- _Action item_:
Pictures do not belong in the copy. Write out exactly the lines from the one containing "Molly Bracken Women's" through the end of the data.

- _Supplied data_:
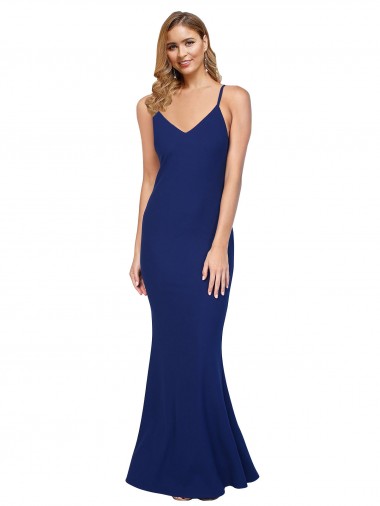 Outlet Stretch Crepe Royal Blue Sleeveless Sheath Open Back Evening Dress UK
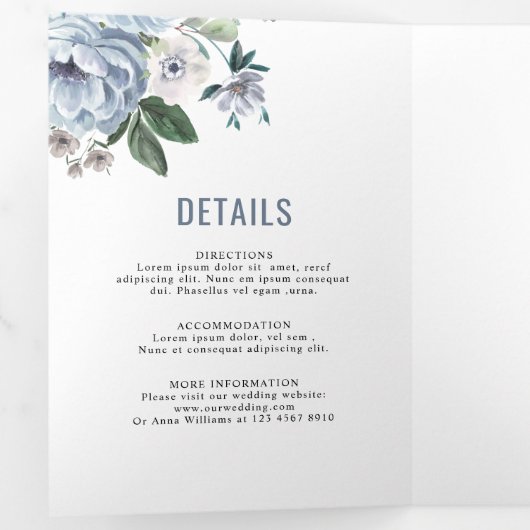 Tinten van grijs stoffig blauwe winter roestige tr drieluik aankondiging (Binnenzijde eerst)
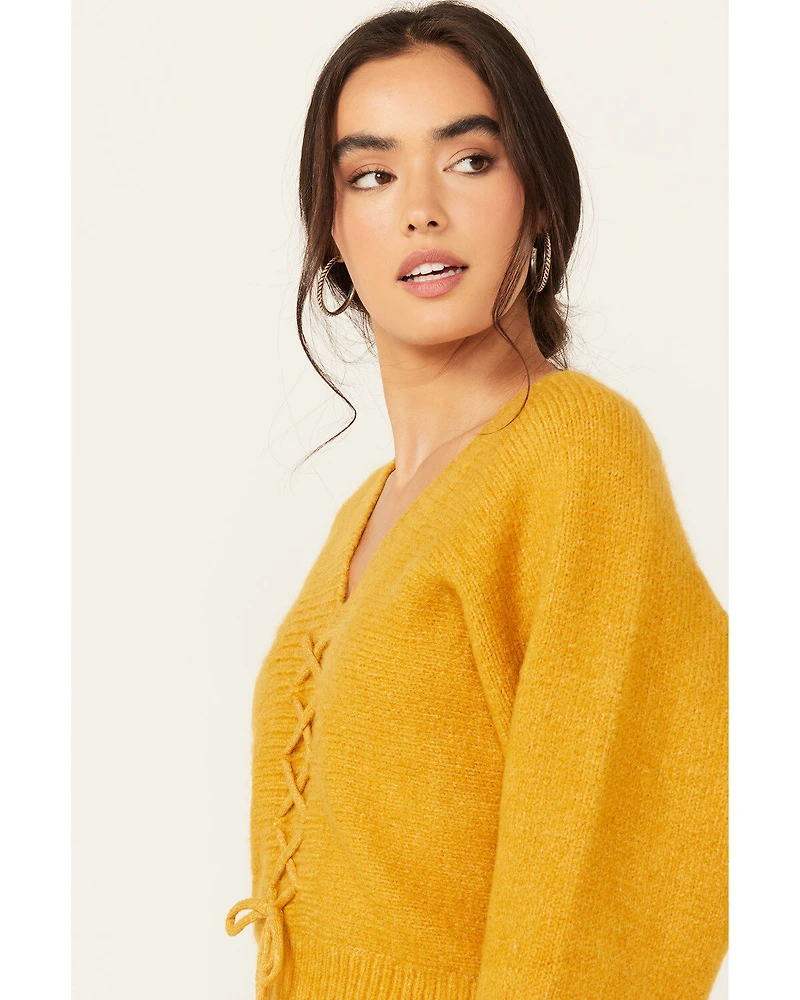 Molly Bracken Women's Long Sleeve Mock Lace-Up Sweater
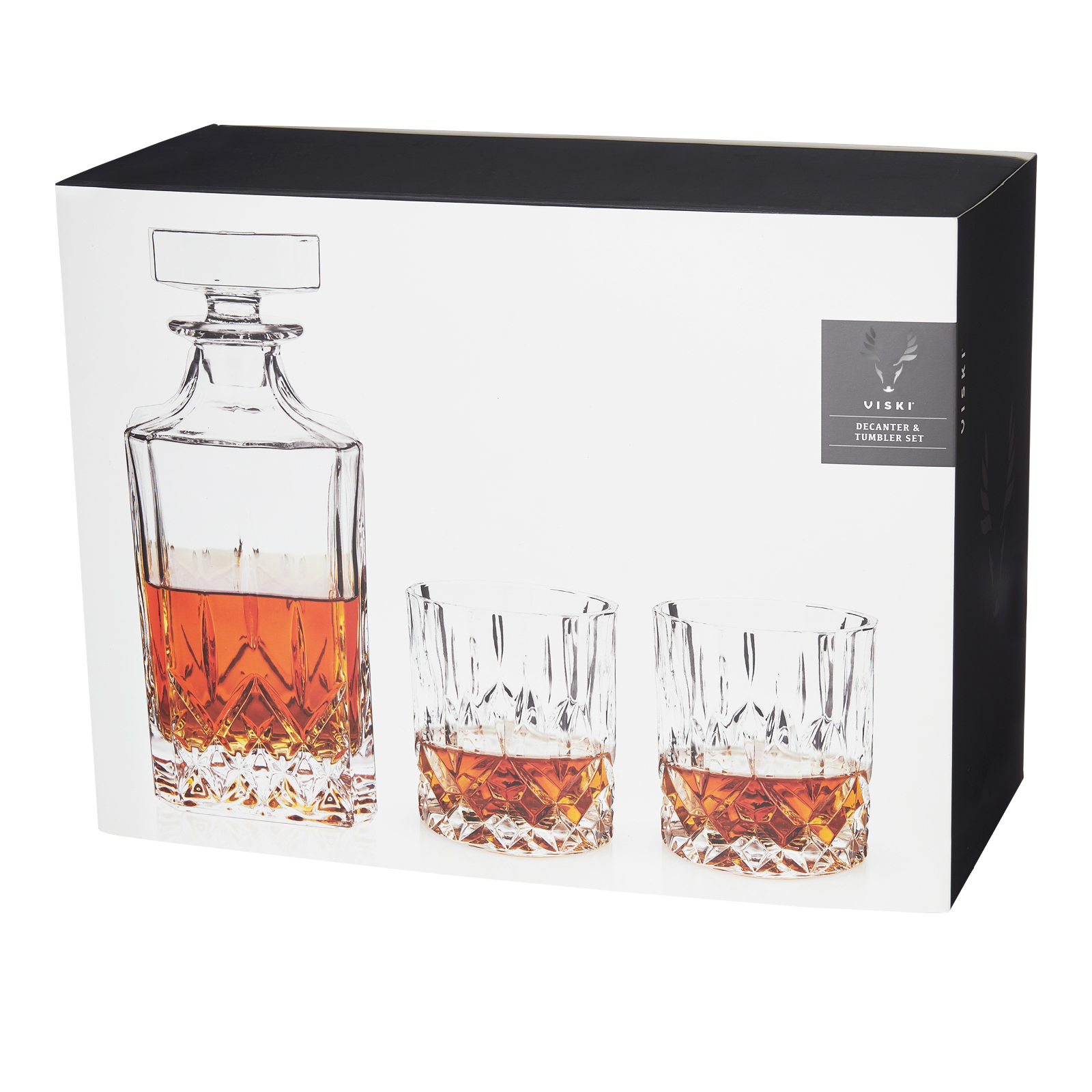 Viski® Admiral™ 3-Piece Decanter & Tumbler Set 12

- _Answer box_:
 Molly Bracken Women's Long Sleeve Mock Lace-Up Sweater
 Viski® Admiral™ 3-Piece Decanter & Tumbler Set 12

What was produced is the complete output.